US legislature has extended the ICD-10 medical billing code claims implementation until October 2015 – What are the implications?
A Senate vote delaying the implementation of ICD-10-CM/PCS by at least one year was passed 64-35 on Monday, March 31. Seven lines of bill H.R. 4302 are about Medicare payments to physicians. They state that Health and Human Services cannot initiate the ICD–10 standard until October 1, 2015 or later. Thousands of AHIMA members opposed the ICD-10 implementation delay. Believing that the transition is inevitable and time sensitive, AHIMA highlighted the risks of delay, citing the need to provide the most effective tracking and analysis of clinical services and treatments. In essence, postponement is at odds with the delivery of effective patient care.
A significant number of educational programs have been teaching ICD-10 coding and procedures in preparation for the 2015 deadline. Healthcare organizations nationwide have already begun preparation for ICD-10, with major expenditures devoted to staff training and computer system enhancements or replacement.
The Coalition for ICD-10, with a member body including the American Medical Informatics Association, BlueCross, the College of Healthcare Information Management executives, Siemens Health Services and 3M Health Information Systems, urged that the ICD-10 deadline remain as October 2015.
While some say that patient care organizations that have been in the process of preparing for ICD-10 have wasted their time and resources, this is not the case. This upgrade is inevitable and has only been postponed for a year. The extension can be viewed as a deadline that has been moved forward, offering practices the ability to extend their familiarity with the code set, and hone their procedural, workflow and system testing. Neither resources nor time have been wasted.
During this extended period, those who aren’t prepared have the opportunity to become prepared—preparation that should be supported by large organizations with the expertise to advise practitioners, including the federal government.

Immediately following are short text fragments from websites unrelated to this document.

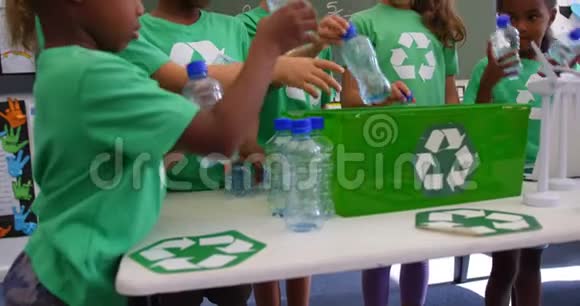 混合种族的学龄儿童在4k教室的托盘中放置回收瓶视频的预览图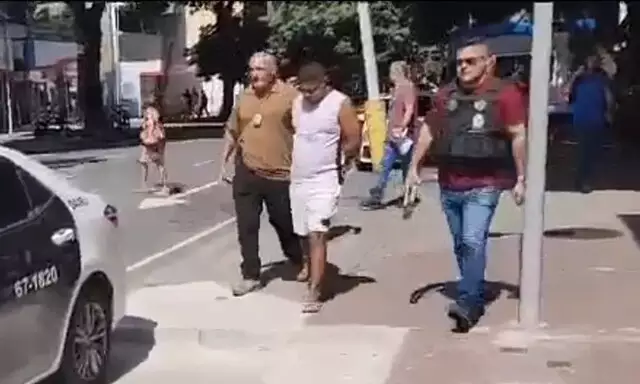 Reinaldo Carvalho de Oliveira, conhecido como Rei, deixando apartamento escoltado por policiais nesta quarta-feira (Foto: Reprodução de vídeo divulgada pelo O Globo)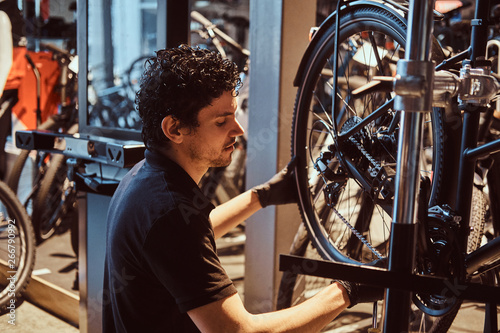 Young attractive mechanic is fixing customer's bicycle at his own workshop.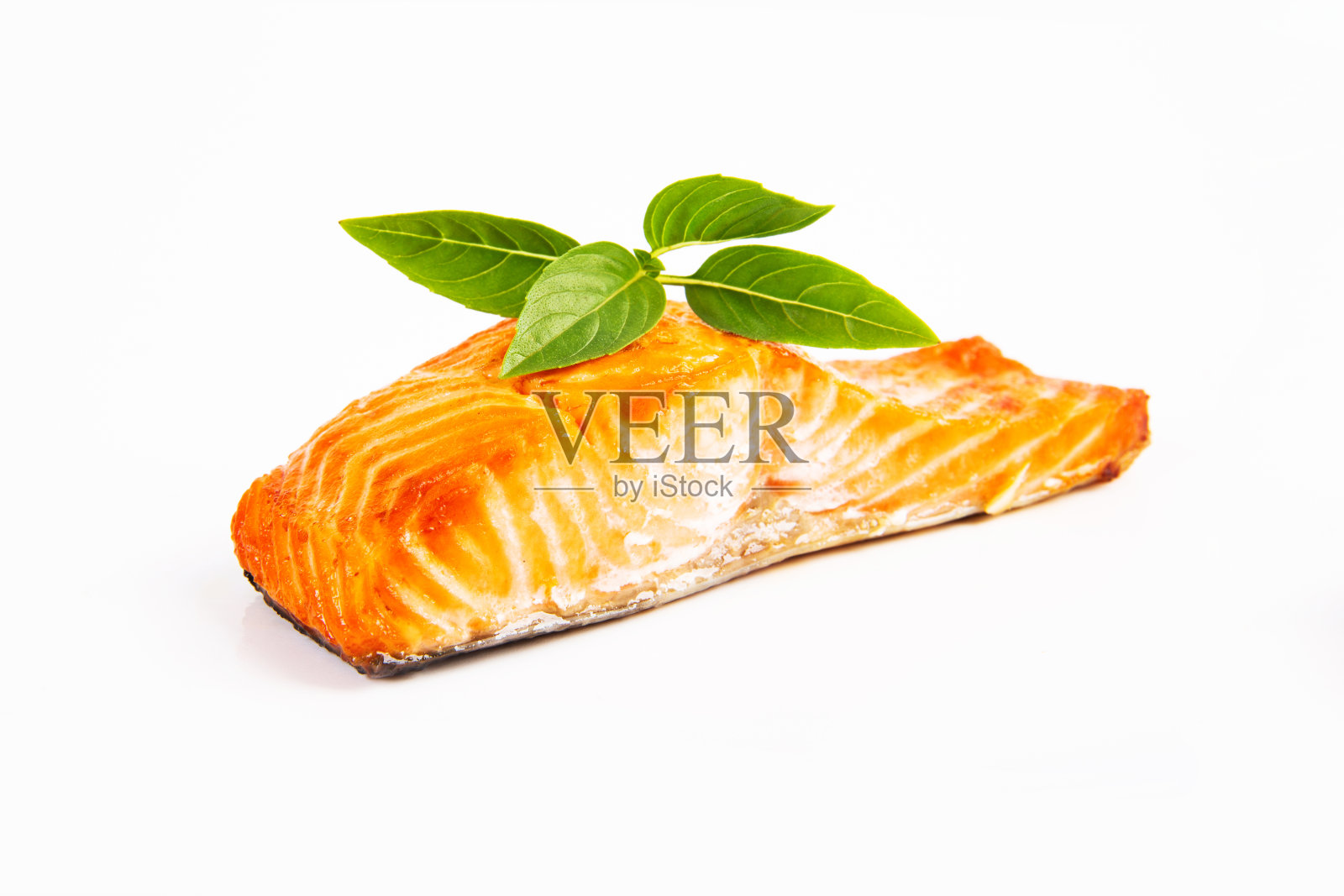 一块新鲜的烤鳟鱼与罗勒小枝在白色的背景照片摄影图片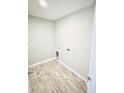 Compact laundry room with modern light wood flooring and essential hookups for a washer and dryer at 5113 Rilke Ln, Port Charlotte, FL 33981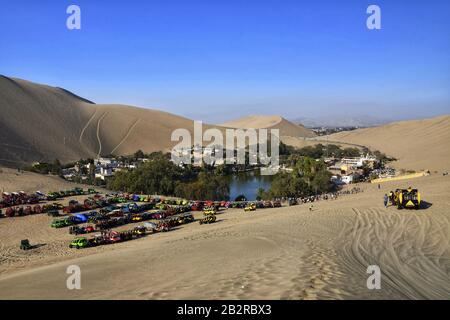 ICA, PERU - 08. September 2019: Weitwinkelaufnahme der Oase Huacachina an einem sonnigen Tag in der Nähe von Ica mit den Buggies und Unes im Hintergrund. Stockfoto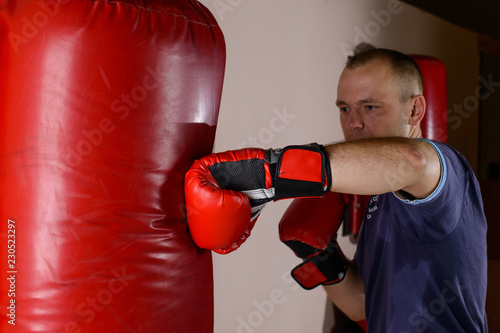male boxer practicing punches on a punching bag in the gym © smspsy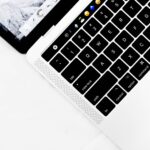 closeup photo of white and black laptop computer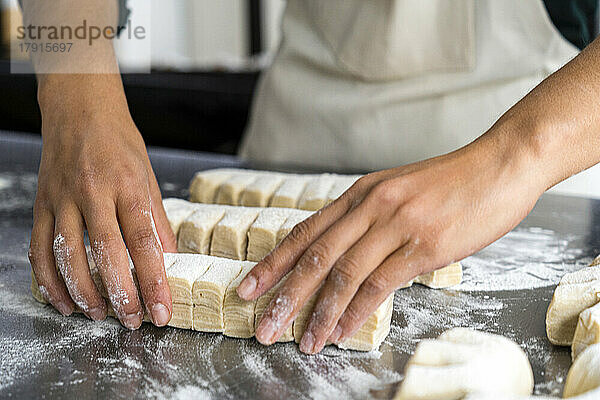 Nahaufnahme der Hände einer Bäckerin bei der Herstellung von Gebäck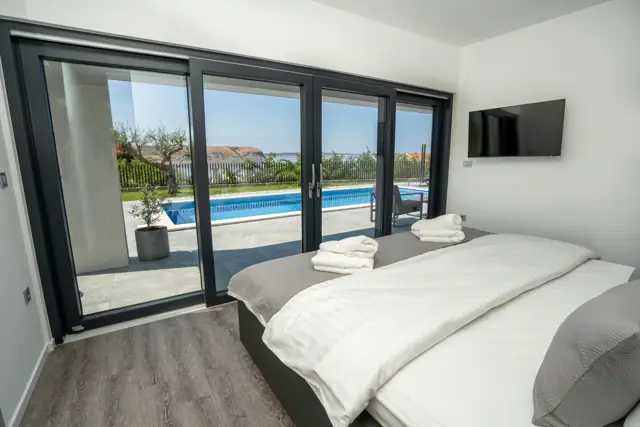 Ground-floor bedroom with sliding doors opening onto the pool terrace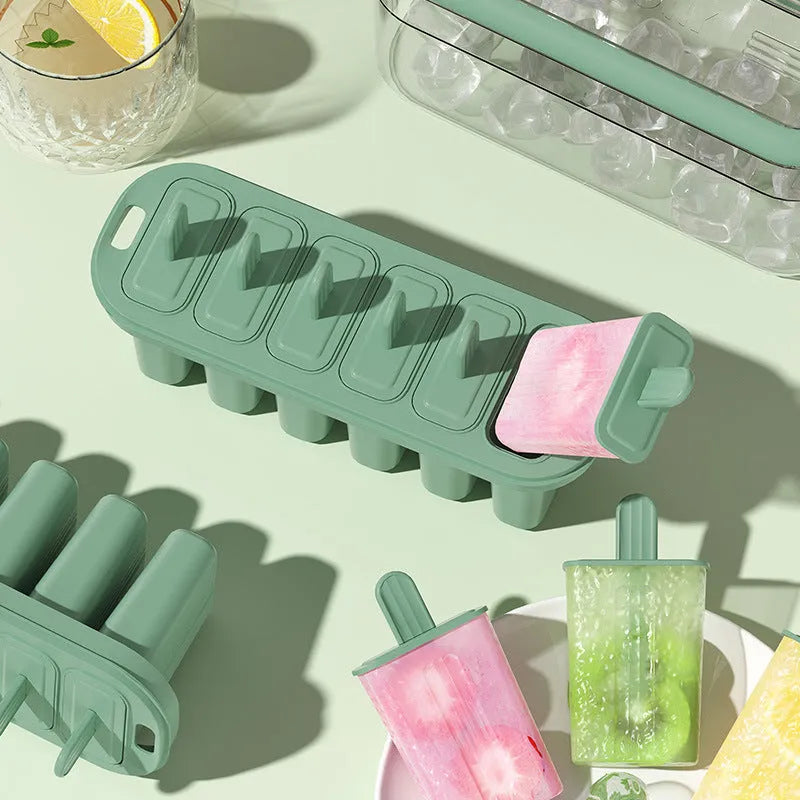 Green portable popsicle mold made from PP PET materials measuring 23.4 cm tall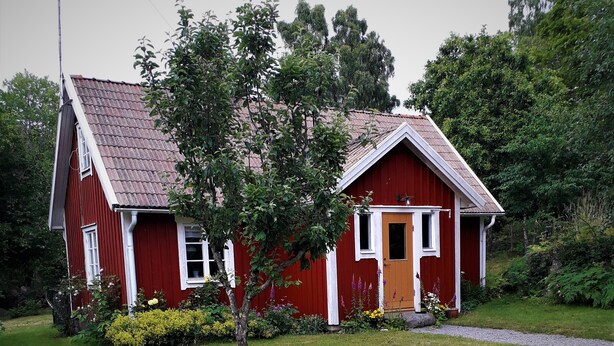 A red wooden house with a sloped roof, a front door, and a small porch.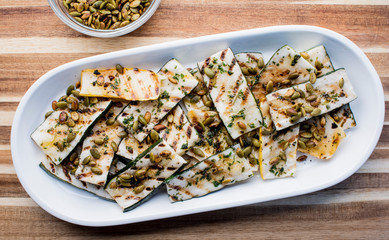 Grilled vegetables. Farm fresh organic veggies, squash, zucchini, red bell peppers, purple onions grilled with olive oil and seasoned with salt and pepper, a classic restaurant favorite side dish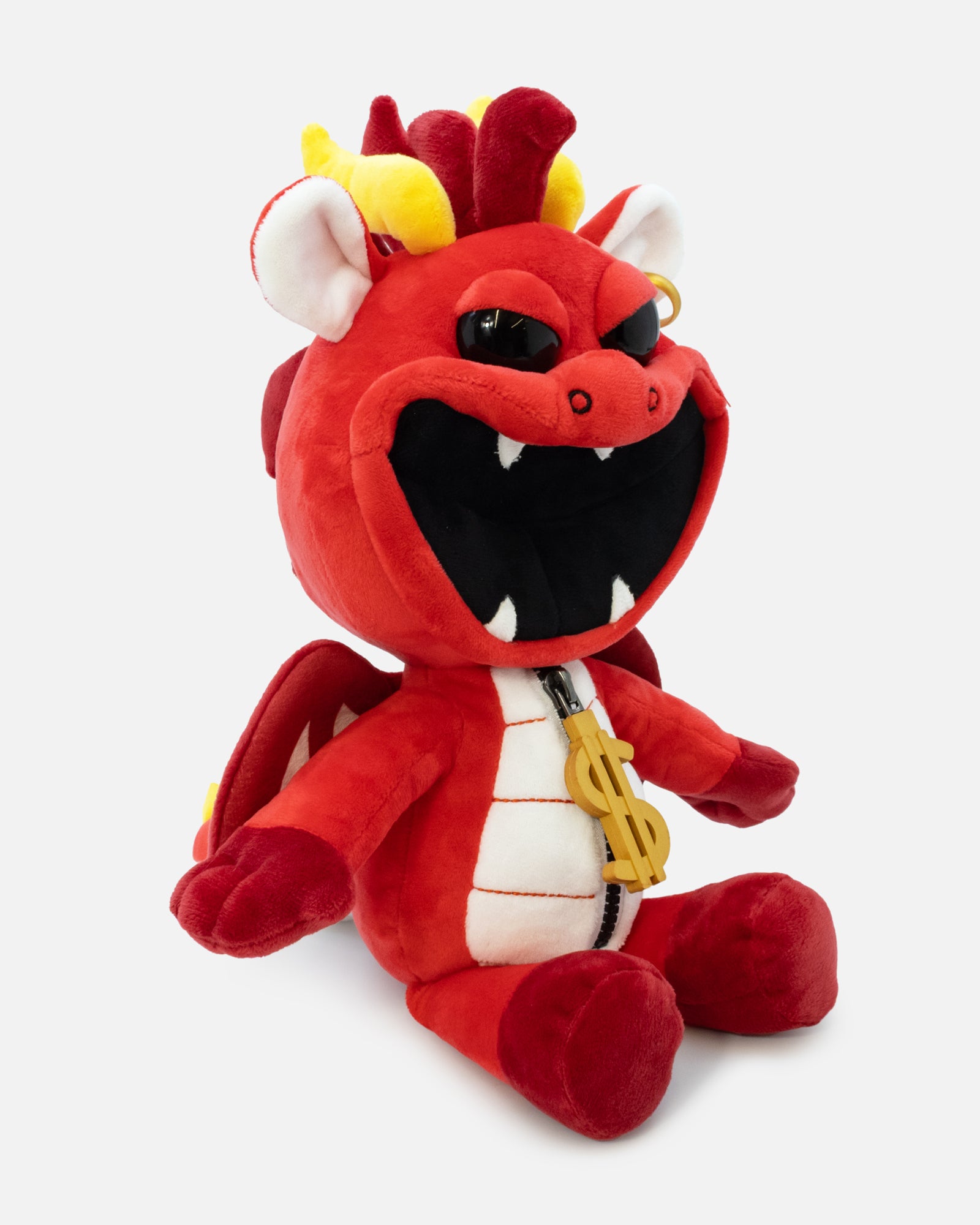 Red plush toy with a angry expression on a white background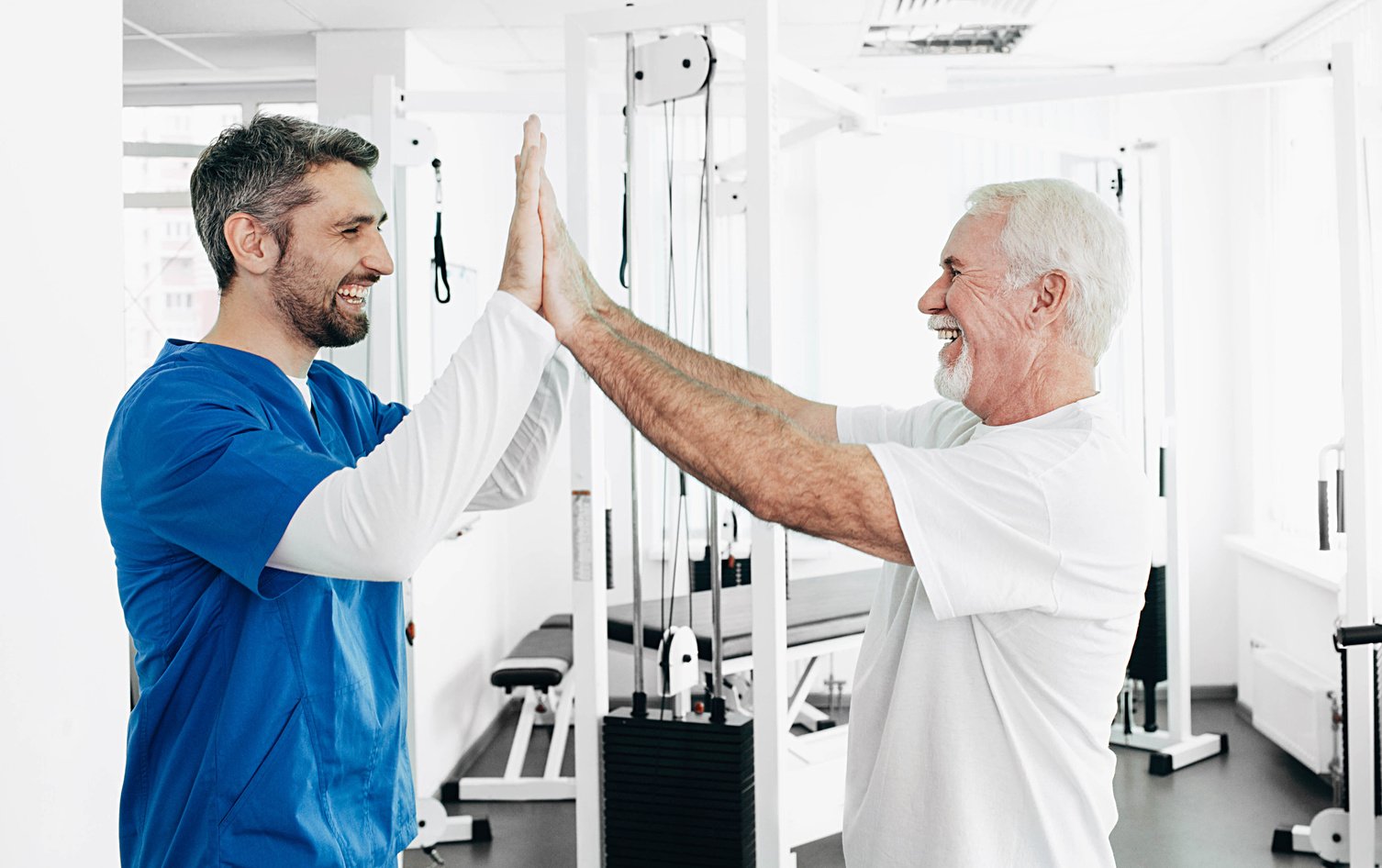 Senior man and Physical Therapist have five after successful physio treatment. physio rehabilitation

Aetna’s reaction to this delay is:
“We will continue working on our ICD-10 projects to ensure that our systems, vendor tools, and business processes and policies will be ready for the new compliance date. We’ll follow guidance from the Department of Health and Human Services and Centers for Medicare & Medicaid Services. We will work closely with the medical community to monitor compliance and manage risk.”
Here is some advice for 2015 compliance:
- Contact billing and software vendors to obtain and discuss their ICD-10 conversion and test plans
- Scrutinize clinical, financial, billing and coding processes to identify the impact of conversion to ICD-10 on your organization
- Obtain ICD-9 to ICD-10 mapping guides and templates. CMS provides General Equivalency Mappings for converting ICD-9 codes to ICD-10 codes.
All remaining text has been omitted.